「安倍政権周辺であれば何をやってもいいんだよ。異論を唱える方がおかしいんじゃないの?」・・・最強官庁と官邸がそう言い放っているような光景だった。
女性記者へのセクハラ問題で、性懲りもなく2次被害を出し続ける財務省に、きょう超党派の野党議員が乗り込んだ。福田淳一事務次官の謝罪と麻生大臣の辞任などを求める抗議文を手渡すためだ。
女性議員たちは黒服を身にまとい、『#Me Too』のプラカードを手に持った。野党議員は事実上の事務方トップとなった矢野康治官房長との面会を求めた。ちなみに矢野官房長は安倍首相のお膝元である下関の出身だ。
「(女性記者は)名乗り出るのがそんなに苦痛か?」矢野官房長は国会(18日衆院財務金融委員会)でヌケヌケと答弁した御仁だ。
20人近い野党議員たちが通されたのは地方課の応接室だった。地方課は陳情に対応する部署だ。「我々は陳情(団)か。矢野官房長に会いたい」。野党議員たちは憤った。
財務省は大臣官房総合政策課の木村公一・課長補佐が対応した。仕立てのいいスーツと汚れのない顔。何より30代で課長補佐という肩書がバリバリのキャリア官僚であることを証明していた。
「ここでご要望を聞くことになっております」。木村課長補佐は野党議員たちを睥睨(へいげい)しながら告げた。
引き下がるわけにいかない野党議員たちは、官房長の部屋を目指した。だが衛視たちが人間バリケードを張りブロックした。官房長室に続く堅牢な扉は固く閉ざされているのに衛視たちは立ちはだかった。
「国会議員が国政調査権に基づいて訪ねて来たのに、通さないとはどういうことですか?」。女性議員が詰め寄ったが、衛視たちは全く反応を示さなかった。
「官房長に会わせろ」「不在です」・・・財務省と野党議員の押し問答は約30分間にわたって続いた。

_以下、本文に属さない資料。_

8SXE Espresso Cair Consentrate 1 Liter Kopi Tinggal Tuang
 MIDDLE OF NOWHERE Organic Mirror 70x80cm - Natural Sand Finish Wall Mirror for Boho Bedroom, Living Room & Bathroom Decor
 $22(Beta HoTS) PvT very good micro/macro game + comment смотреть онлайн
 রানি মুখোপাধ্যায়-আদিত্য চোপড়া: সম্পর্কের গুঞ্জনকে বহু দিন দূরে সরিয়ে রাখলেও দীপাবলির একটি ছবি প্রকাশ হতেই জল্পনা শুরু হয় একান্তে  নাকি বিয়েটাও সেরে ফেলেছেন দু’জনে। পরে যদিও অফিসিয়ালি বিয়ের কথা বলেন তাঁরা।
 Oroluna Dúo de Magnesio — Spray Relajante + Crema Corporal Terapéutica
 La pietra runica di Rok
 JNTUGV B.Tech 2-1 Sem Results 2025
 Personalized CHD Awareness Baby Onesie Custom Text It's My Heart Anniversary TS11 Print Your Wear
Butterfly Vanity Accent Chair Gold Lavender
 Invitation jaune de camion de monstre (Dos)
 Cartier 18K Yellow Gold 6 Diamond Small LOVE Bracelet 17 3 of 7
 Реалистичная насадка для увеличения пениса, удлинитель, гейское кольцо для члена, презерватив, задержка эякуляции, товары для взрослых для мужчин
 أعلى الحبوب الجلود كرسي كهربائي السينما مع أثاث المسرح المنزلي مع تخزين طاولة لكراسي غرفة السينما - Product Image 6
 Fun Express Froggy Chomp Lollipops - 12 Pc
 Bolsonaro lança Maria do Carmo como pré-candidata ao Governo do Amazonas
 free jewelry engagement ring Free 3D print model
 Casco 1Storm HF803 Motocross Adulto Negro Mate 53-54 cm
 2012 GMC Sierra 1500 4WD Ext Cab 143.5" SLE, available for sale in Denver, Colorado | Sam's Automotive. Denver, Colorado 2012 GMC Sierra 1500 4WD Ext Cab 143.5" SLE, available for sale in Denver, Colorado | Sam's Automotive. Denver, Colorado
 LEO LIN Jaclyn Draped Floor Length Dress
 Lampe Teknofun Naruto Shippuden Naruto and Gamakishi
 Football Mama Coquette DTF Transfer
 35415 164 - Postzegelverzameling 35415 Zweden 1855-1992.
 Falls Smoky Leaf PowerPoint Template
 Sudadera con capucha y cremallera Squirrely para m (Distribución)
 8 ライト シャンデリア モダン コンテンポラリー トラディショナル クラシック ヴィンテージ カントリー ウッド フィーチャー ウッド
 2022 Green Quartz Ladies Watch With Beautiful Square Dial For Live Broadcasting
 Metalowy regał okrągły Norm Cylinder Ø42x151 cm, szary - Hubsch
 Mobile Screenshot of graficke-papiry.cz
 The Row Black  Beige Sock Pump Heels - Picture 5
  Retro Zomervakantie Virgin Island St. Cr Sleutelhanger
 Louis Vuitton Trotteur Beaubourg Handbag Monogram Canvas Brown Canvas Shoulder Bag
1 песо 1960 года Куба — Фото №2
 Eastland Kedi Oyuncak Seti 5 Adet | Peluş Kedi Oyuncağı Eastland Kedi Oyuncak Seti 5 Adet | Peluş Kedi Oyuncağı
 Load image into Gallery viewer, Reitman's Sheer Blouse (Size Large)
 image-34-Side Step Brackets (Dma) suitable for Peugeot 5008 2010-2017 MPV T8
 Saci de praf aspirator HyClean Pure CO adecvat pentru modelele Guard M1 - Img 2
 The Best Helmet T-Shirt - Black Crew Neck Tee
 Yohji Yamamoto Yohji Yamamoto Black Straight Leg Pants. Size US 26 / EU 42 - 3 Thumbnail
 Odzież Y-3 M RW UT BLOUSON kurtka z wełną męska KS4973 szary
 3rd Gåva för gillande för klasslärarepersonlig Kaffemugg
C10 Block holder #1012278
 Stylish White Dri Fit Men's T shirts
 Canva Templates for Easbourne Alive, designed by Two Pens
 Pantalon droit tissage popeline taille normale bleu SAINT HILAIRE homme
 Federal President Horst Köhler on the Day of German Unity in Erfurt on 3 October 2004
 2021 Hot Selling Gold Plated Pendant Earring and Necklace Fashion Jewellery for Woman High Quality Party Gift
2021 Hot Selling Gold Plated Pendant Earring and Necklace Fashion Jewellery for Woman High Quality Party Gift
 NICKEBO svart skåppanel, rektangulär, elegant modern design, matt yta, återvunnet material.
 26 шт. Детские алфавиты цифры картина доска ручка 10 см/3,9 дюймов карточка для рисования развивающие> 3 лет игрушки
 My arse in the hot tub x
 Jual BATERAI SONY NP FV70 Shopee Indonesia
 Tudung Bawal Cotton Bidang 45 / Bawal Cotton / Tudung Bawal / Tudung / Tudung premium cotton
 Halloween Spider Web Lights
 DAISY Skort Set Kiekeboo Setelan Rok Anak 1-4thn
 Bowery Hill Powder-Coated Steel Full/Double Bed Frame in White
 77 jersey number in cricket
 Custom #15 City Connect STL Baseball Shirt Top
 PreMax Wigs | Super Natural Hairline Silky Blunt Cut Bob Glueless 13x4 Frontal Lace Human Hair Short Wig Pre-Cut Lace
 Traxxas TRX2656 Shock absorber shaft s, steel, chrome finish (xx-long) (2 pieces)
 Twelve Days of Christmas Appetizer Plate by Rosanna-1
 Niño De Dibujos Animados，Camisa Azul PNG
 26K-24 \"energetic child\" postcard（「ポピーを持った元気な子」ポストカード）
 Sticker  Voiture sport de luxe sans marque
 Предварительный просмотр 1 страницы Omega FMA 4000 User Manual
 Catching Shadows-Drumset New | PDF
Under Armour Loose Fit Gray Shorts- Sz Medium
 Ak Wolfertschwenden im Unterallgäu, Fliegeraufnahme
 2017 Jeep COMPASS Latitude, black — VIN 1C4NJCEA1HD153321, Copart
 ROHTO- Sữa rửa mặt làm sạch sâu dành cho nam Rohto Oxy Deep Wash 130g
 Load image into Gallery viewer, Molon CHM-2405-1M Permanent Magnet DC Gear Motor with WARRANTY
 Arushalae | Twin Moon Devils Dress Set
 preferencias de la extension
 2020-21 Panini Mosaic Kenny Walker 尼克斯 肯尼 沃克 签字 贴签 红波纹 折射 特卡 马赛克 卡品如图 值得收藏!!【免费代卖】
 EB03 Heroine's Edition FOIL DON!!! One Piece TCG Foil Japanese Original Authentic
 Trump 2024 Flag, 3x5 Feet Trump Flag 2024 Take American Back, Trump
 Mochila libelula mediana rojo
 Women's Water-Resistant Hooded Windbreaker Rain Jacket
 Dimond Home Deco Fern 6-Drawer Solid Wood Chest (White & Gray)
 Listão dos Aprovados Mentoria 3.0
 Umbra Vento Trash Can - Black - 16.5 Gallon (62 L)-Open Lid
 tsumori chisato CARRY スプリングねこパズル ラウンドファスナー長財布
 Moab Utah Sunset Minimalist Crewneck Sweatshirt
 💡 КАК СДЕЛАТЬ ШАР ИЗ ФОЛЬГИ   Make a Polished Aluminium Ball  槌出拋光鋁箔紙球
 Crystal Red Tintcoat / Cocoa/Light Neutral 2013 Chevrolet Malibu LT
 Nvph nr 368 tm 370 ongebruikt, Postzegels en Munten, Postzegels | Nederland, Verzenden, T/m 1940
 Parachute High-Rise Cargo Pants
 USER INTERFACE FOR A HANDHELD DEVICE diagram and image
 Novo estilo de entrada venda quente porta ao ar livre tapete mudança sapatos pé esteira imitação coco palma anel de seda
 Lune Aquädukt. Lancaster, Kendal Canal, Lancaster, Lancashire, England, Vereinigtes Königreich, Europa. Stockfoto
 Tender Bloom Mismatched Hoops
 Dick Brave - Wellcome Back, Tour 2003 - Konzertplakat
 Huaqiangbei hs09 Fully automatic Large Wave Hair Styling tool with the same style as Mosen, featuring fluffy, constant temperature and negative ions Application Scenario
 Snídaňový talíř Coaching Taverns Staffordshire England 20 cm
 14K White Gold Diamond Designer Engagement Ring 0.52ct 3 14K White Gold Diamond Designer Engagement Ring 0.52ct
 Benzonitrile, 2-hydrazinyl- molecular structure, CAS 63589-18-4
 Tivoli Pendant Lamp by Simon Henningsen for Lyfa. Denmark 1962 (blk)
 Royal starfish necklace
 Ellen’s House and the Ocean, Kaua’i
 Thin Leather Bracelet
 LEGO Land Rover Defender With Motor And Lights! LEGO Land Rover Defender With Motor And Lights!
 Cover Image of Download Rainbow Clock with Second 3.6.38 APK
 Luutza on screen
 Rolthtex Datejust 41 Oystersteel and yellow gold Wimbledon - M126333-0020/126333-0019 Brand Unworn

財務省と官邸の魂胆はこうだ ― 24日(火曜)の閣議で福田次官の辞任が閣議決定される。福田次官が役所を辞職し一般人になってしまえば、セクハラの責任を問われることはない。不祥事は「なかったこと」になるのである。いかにも安倍政権らしい やり口 だ。
きょうは週末の金曜日。残るは月曜日(23日)一日だけだ。「このまま逃げ切らせたら日本は終わる」。牧山ひろえ議員(民進)が悲愴な表情で語った。